X_test = pd.DataFrame(scaler.transform(X_test), columns = X.columns)

#Create an instance of LogisticRegression() called logreg and fit it to the training data.
logreg = LogisticRegression()
logreg.fit(X_train, y_train)

#Create predictions from the test set and name the result y_pred
y_pred = logreg.predict(X_test)


#print out the accuracy score for LogisticRegression
print('Logistic Regression accuracy score with the first 11 features: {0:0.4f}'. format(accuracy_score(y_test, y_pred)))


### Comment

- Has the accuracy increased or decreased if we drop the last three features?

- Our aim is to maximize the accuracy. When did we get the highest accuracy?

## Select right number of dimensions

- The above process works well if the number of dimensions are small.

- But, it is quite cumbersome if we have large number of dimensions.

- In that case, a better approach is to compute the number of dimensions that can explain significantly large portion of the variance.

- The following code computes PCA without reducing dimensionality, then computes the minimum number of dimensions required to preserve 90% of the training set variance.

In [5]:
#Set the 'income' column to y
y = df['income']

#Drop the 'income' column from the dataframe and set the remaining dataframe to X
X = df.drop(['income'], axis=1)

#Split the data set into training data and testing data in a 7:3 ratio
X_train, X_test, y_train, y_test = train_test_split(X, y, test_size = 0.3, random_state = 0)

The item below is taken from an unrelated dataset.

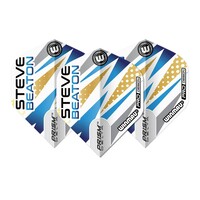 Winmau Prism Delta Steve Beaton Legacy - Dart Flights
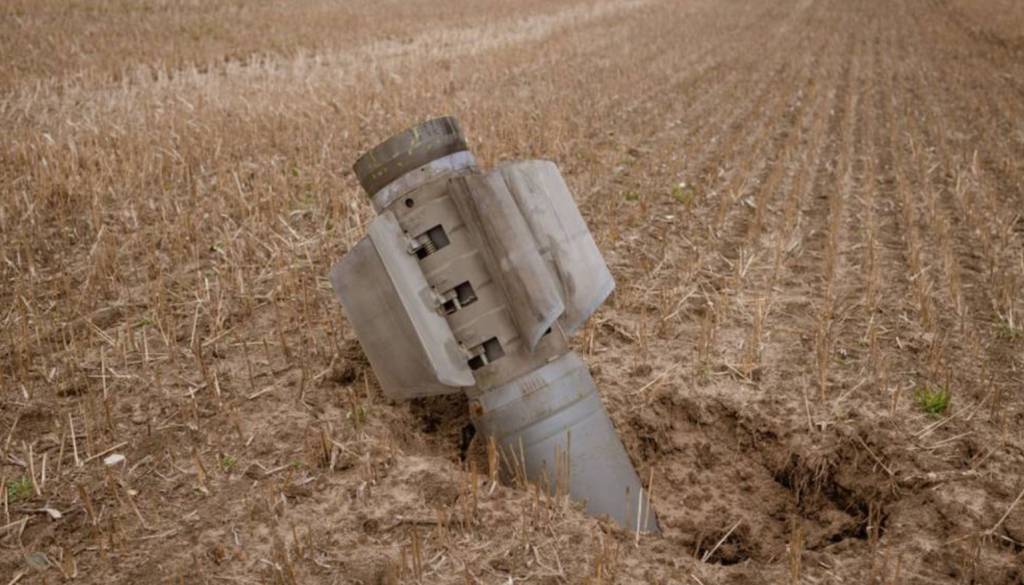 Прямые и косвенные потери сельского хозяйства Украины в результате войны превысили 40 миллиардов долларов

#Create a list named 'categorical' of all the categorical features in X
categorical = ['workclass', 'education', 'marital.status', 'occupation', 'relationship', 'race', 'sex', 'native.country']


#Build a for loop that traverses through the list 'categorical' that you created above. 
#For each iteration of the loop,
#Create an instance of LabelEncoder named 'encoder'
#Use .fit_transform method to fit encoder to current feature in X_train 
for feature in categorical:
        le = preprocessing.LabelEncoder()
        X_train[feature] = le.fit_transform(X_train[feature])
        X_test[feature] = le.transform(X_test[feature])

#Use .fit_transform method to scale ALL features in X_train
X_train = pd.DataFrame(scaler.fit_transform(X_train), columns = X.columns)

#Create an instance of PCA named 'pca'
pca= PCA()

#Use .fit_transform method to fit pca to X_train
pca.fit(X_train)

cumsum = np.cumsum(pca.explained_variance_ratio_)
dim = np.argmax(cumsum >= 0.90) + 1
print('The number of dimensions required to preserve 90% of variance is',dim)

### Comment

- With the required number of dimensions found, we can then set number of dimensions to `dim` and run PCA again.

- With the number of dimensions set to `dim`, we can then calculate the required accuracy.

## Plot explained variance ratio with number of dimensions

- An alternative option is to plot the explained variance as a function of the number of dimensions.

- In the plot, we should look for an elbow where the explained variance stops growing fast.

- This can be thought of as the intrinsic dimensionality of the dataset.

- Now, we will plot cumulative explained variance ratio with number of components to show how variance ratio varies with number of components.

In [None]:
plt.figure(figsize=(8,6))
plt.plot(np.cumsum(pca.explained_variance_ratio_))
plt.xlim(0,14,1)
plt.xlabel('Number of components')
plt.ylabel('Cumulative explained variance')
plt.show()

### Comment

According to the above plot, how many components explain around 90% of variance?

## Conclusion

-	In this project, we discussed Principal Component Analysis – the most popular dimensionality reduction technique.
-	We demonstrated PCA implementation with Logistic Regression on the adult dataset.
-	Maximum accuracy was first found through a manual feature selection process. 
-	As expected, the number of dimensions required to preserve 90 % of variance matched.
-	Finally, we plotted the explained variance ratio with number of dimensions. The graph confirmed our findings.